When Wright unveiled his signature Prairie House in Chicago's Robie House (1908-10), his predilection for horizontal lines became supremely evident. Like a stately ocean liner, each architectural element surges forward from stem to stern. With the thrusting planes of projecting eaves and low-slung roof, Wright defined a new vocabulary for what would become the quintessential suburban home.
His legacy to the single-family dwelling includes: fluid floor plans, a central hearth, the carport, cathedral ceilings, ranch-style homes, and built-in furnishings.

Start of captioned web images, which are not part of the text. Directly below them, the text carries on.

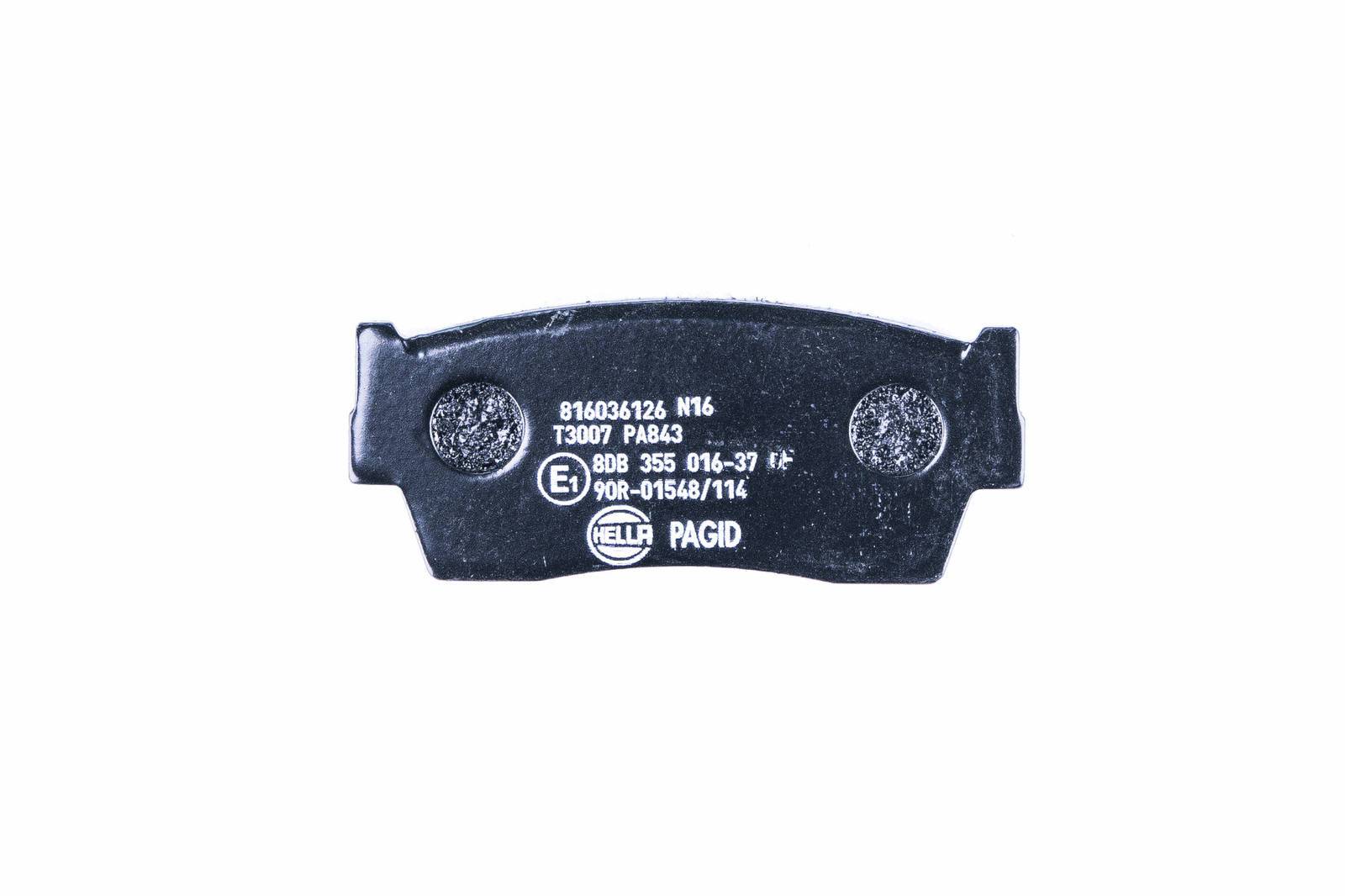 HELLA 8DB 355 016-371 Bremsbelagsatz, SBB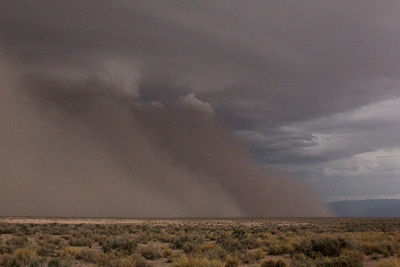 Sandstorm at White Sands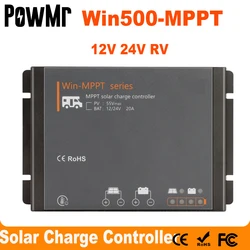 20A RV MPPT Solar Charge Controller 12V 24V Auto Solar Panel Regulator For Lithium Battery Motor Homes For Bluetooth-Compatible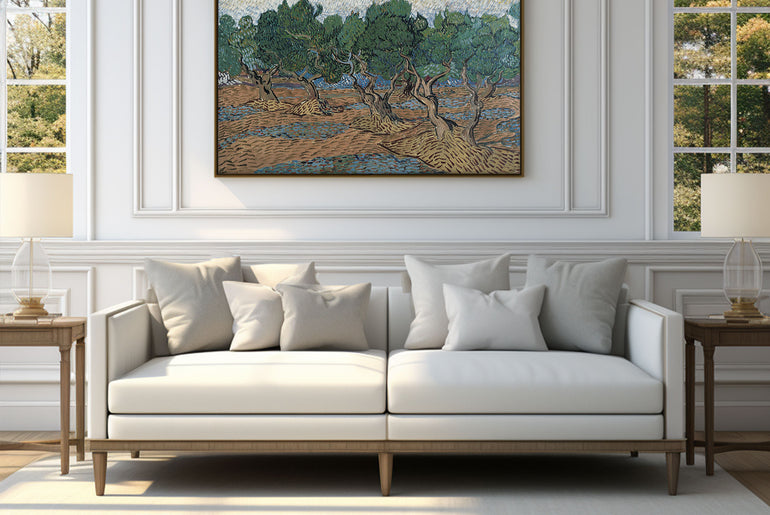 Olive Orchard by Vincent van Gogh | Giclée Printed Landscape Art | Museum-Quality Premium Framing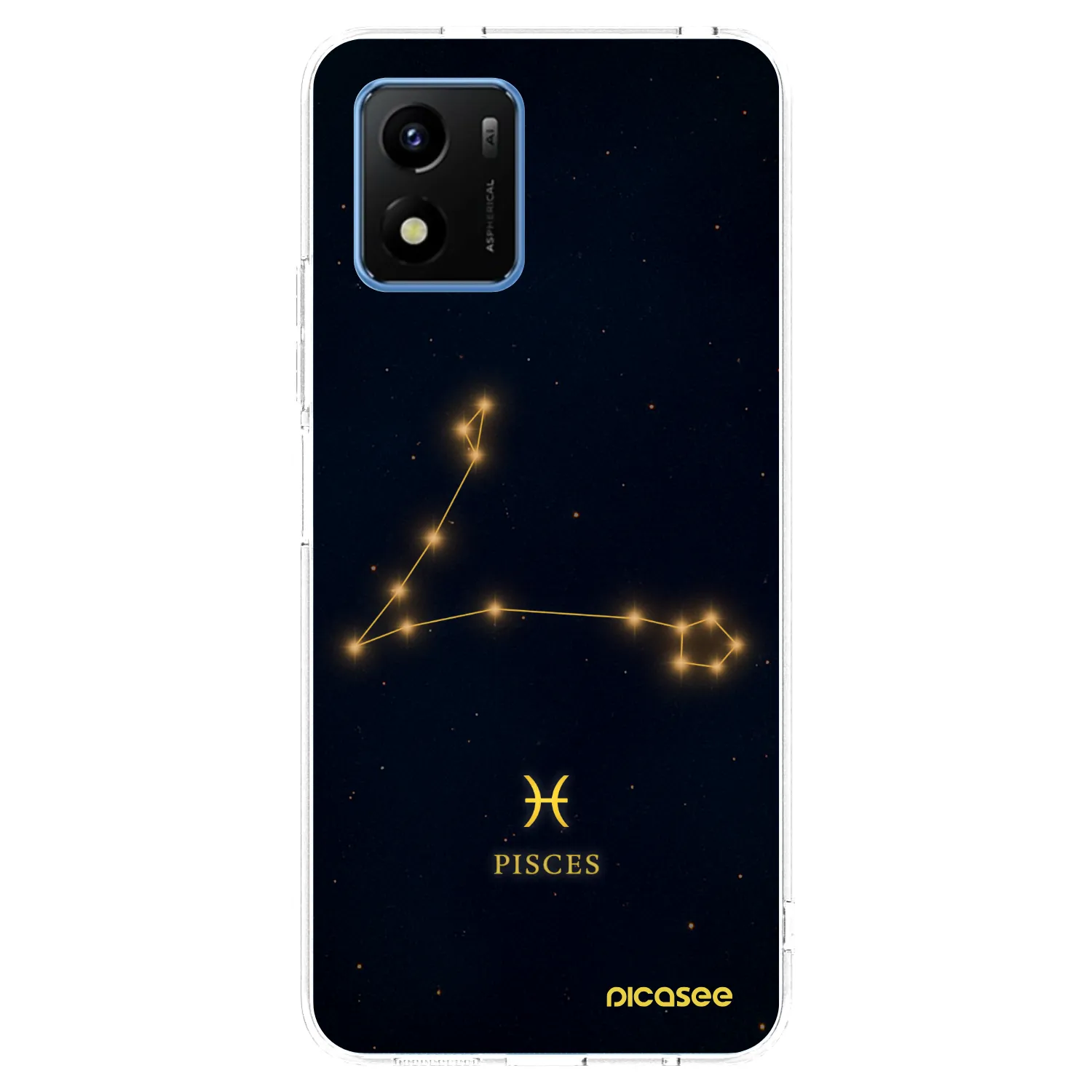 Picasee silikonska prozirna maskica za Vivo Y01 - PISCES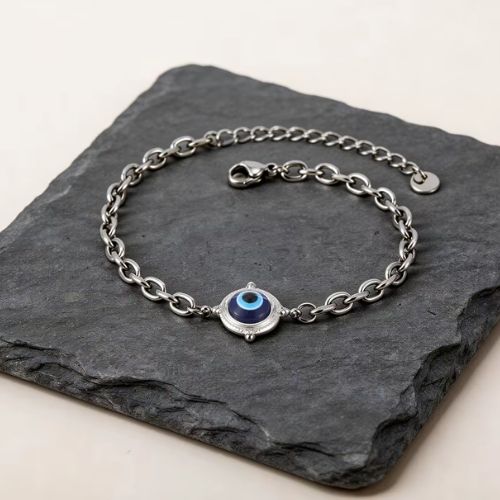Armband mit Türkischem Auge für Herren und Damen Ringsilber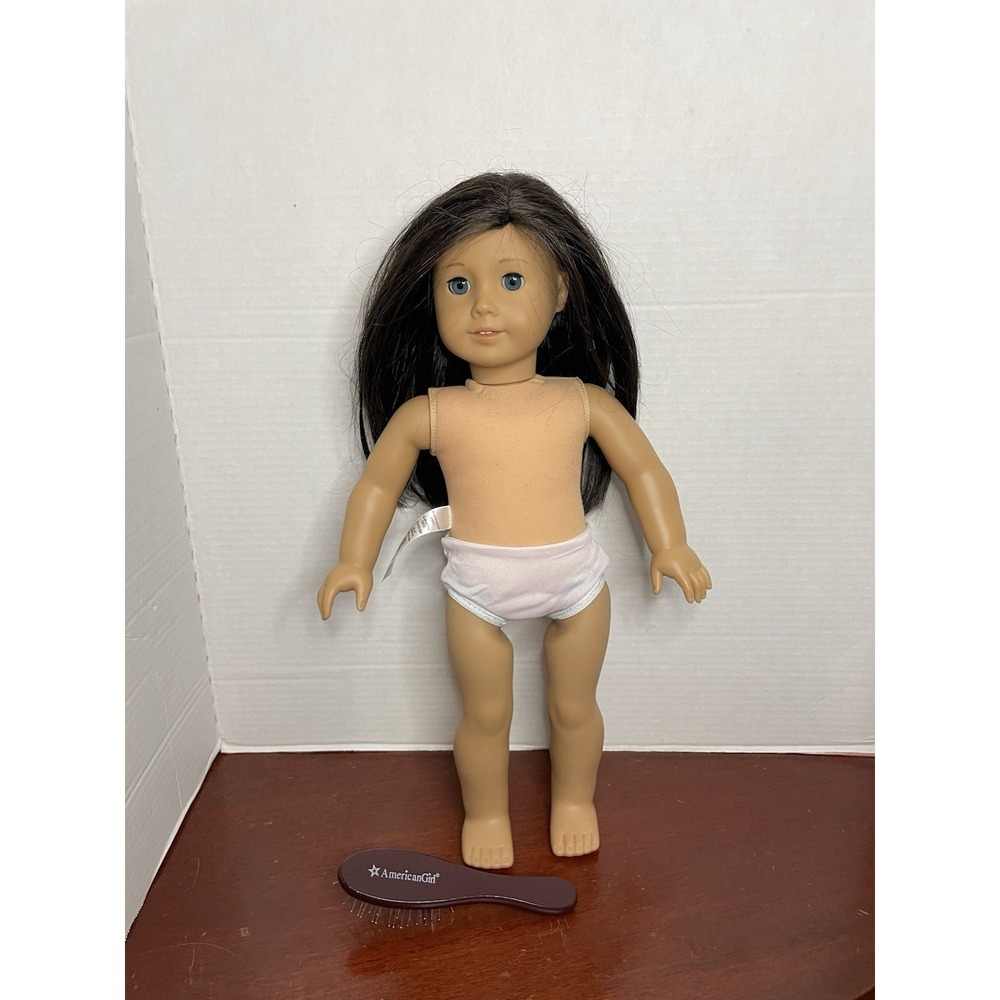 AMERICAN GIRL Truly Me Doll Long Black Brown Hair Blue Eyes Lt-Medium Skin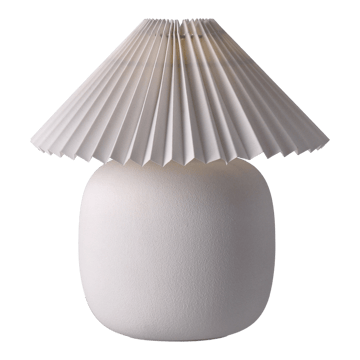 Lámpara de mesa Boulder 29 cm white-pleated white - undefined - Scandi Living
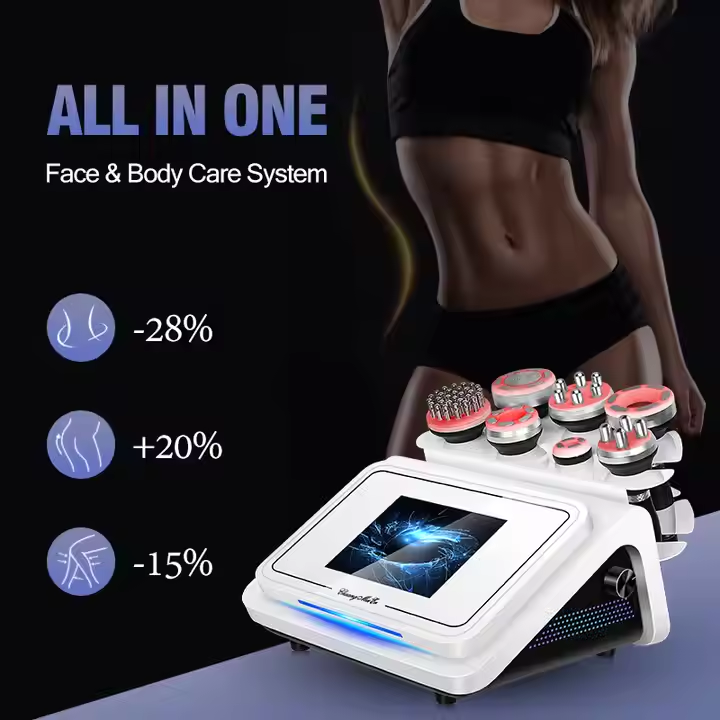 New 7 in 1 80K Ultrasonic Cavitation Slimming Machine Loss Weight Vacuum Radio Frequency Skin Tightening Body Sculpting Machine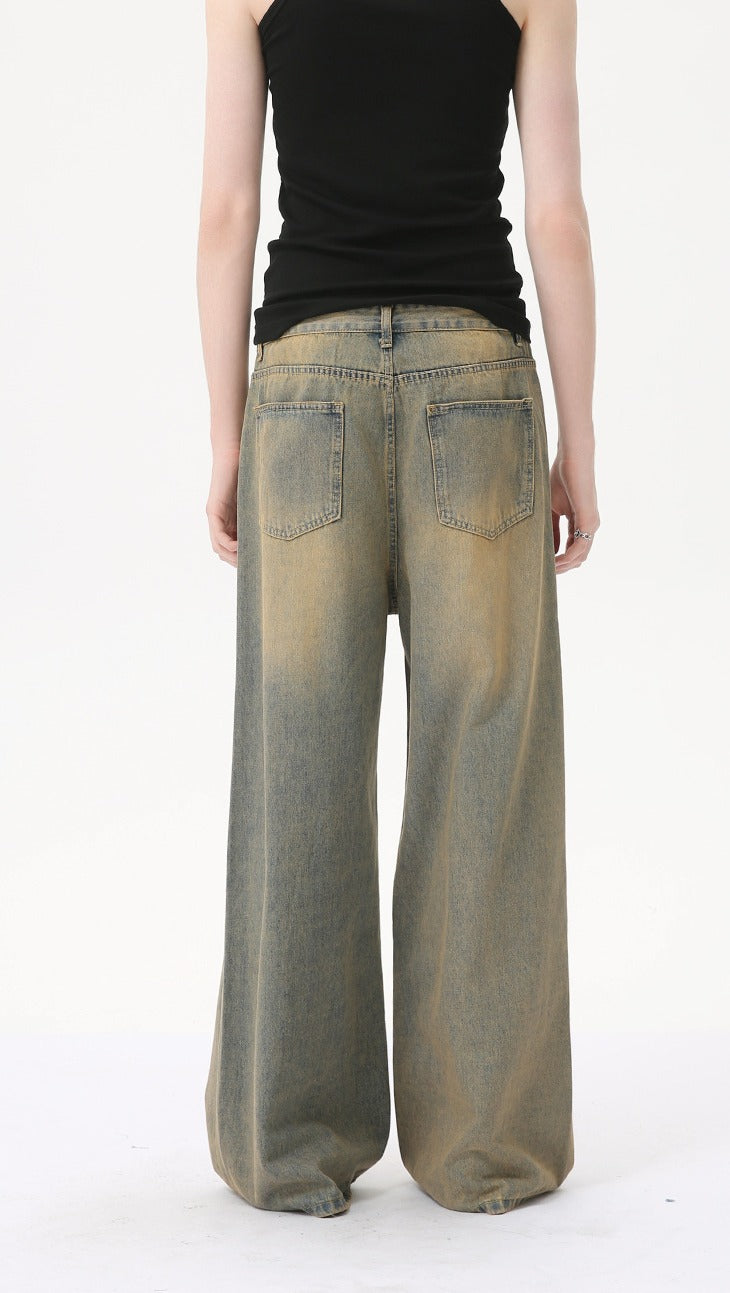 Hudson Vintage Wide-Leg Jeans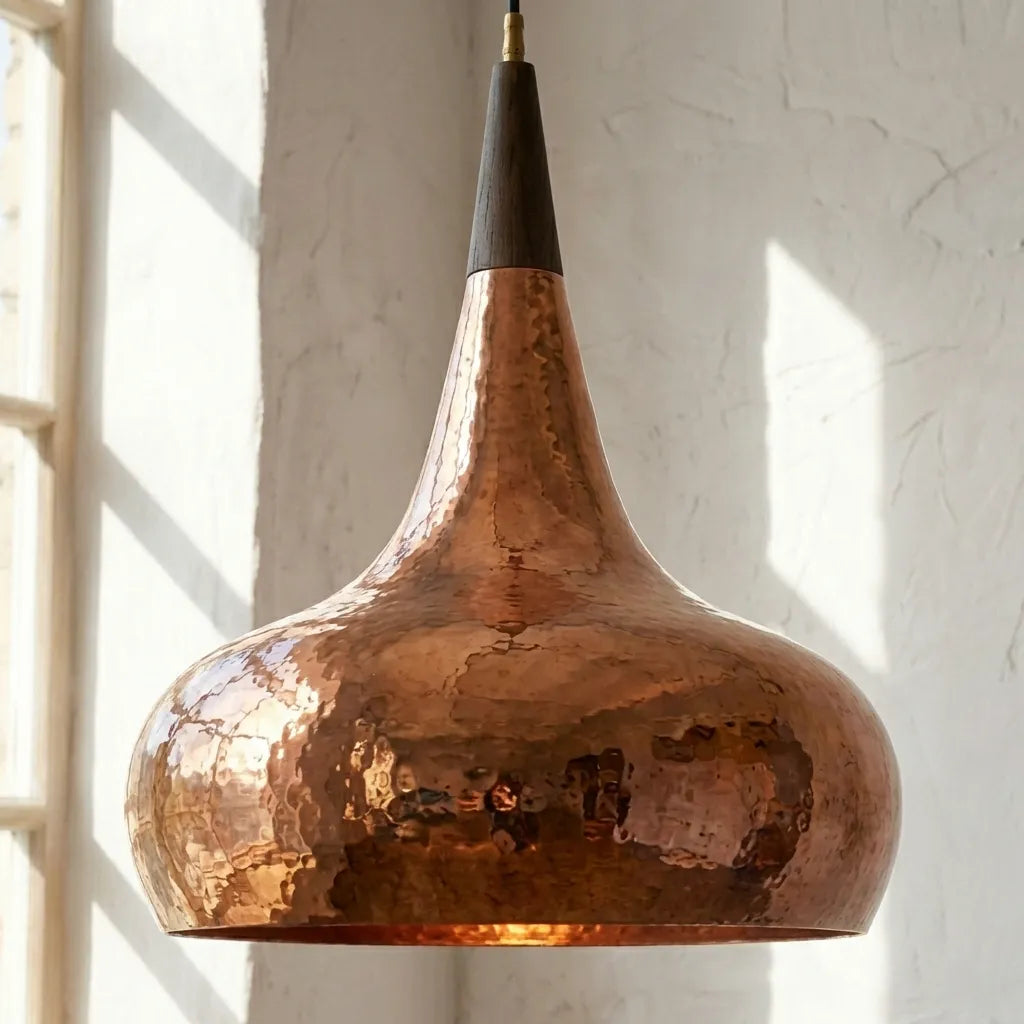 Copper Pendant Light, Kitchen Island Copper Pendant Lighting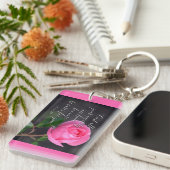 すべての不安クリスチャン聖書聖句の祈りの言葉を投げ出す キーホルダー (正面右)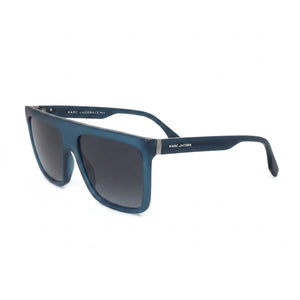Marc Jacobs MARC 639/S Blue Rectangle Sunglasses Unisex, Blue lens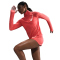 NIKE Swoosh Mid Layer 1/2-Zip Laufshirt Damen 814 - magic ember L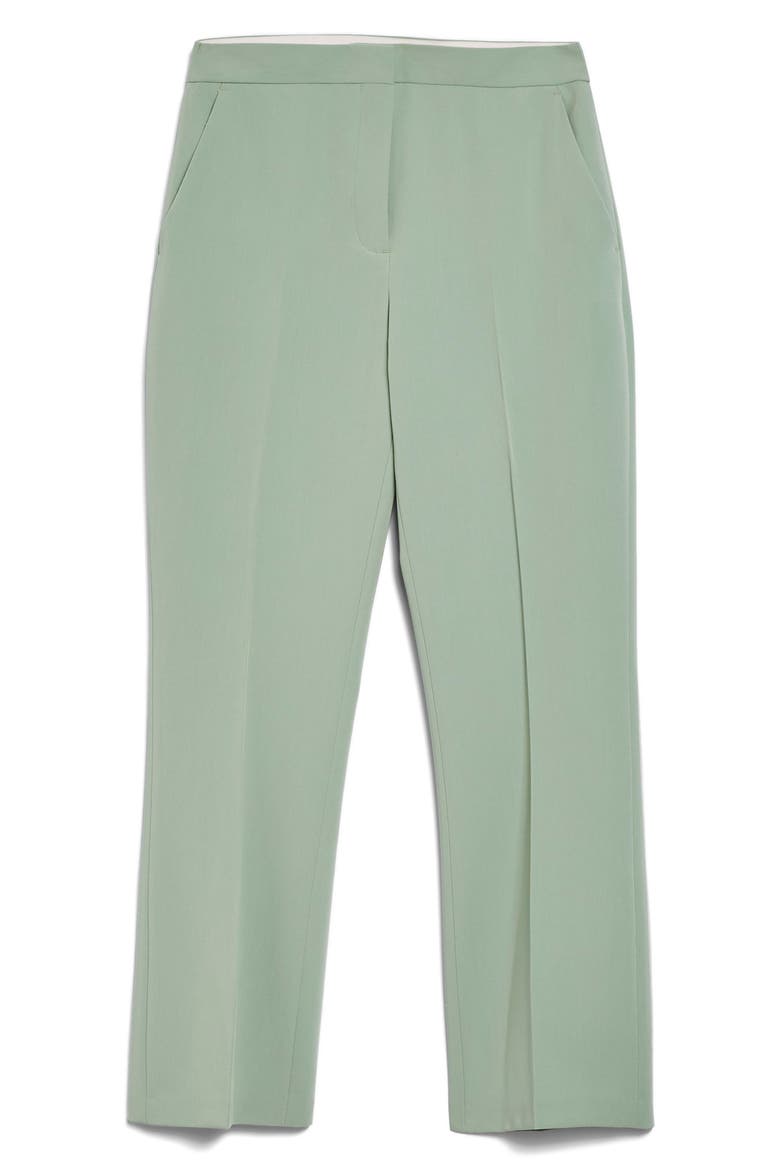 Cropped Suit Trousers, Alternate, color, LIGHT GREEN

He championed the concept of home ownership for the middle class in decentralized communities served by automobiles. In the 1920s, the populist Wright offered quality houses at low cost using decorative concrete blocks. In the 1930s, he offered the masses modular, prefab homes he called Usonian.
Wright also pioneered the principle of ``organic'' architecture, where building and site fuse harmoniously, as in his masterpiece, Fallingwater (1934-37), near Mill Run, Penn. This extraordinary house, constructed of local sandstone and jutting slabs of concrete that echo rocky ledges below, sits directly atop a waterfall.
Two homes the architect built for himself, Taliesin I in Wisconsin (1911-25) and Taliesin West (1937-38) in Arizona, are similar paragons of site-specific design. The former illustrates Wright's dictum that ``no house should ever be on a hill or on anything. It should be of the hill. Belonging to it.'' Sited around the crest of a rise, the long, low building almost hugs the hill, growing out of its slope as naturally as a wildflower. In profile, hues, materials, and texture, Taliesin West blends into its desert environment like a chameleon.
Sublimely conceived, Wright's structures often floundered on the shoals of practicality. His flattened roofs leak, the daring cantilevers sag, and his squarish wooden furniture pains the human body. Clients despaired that Wright's budgets were as wildly underestimated as those of Pentagon contractors.
Despite these flaws, when asked in court to identify the world's best architect, Wright named himself. He defended his immodesty by saying, ``I was under oath, wasn't I?''
In homage to his unfailing originality over the course of seven decades, a jury of architecture historians might well return the same verdict.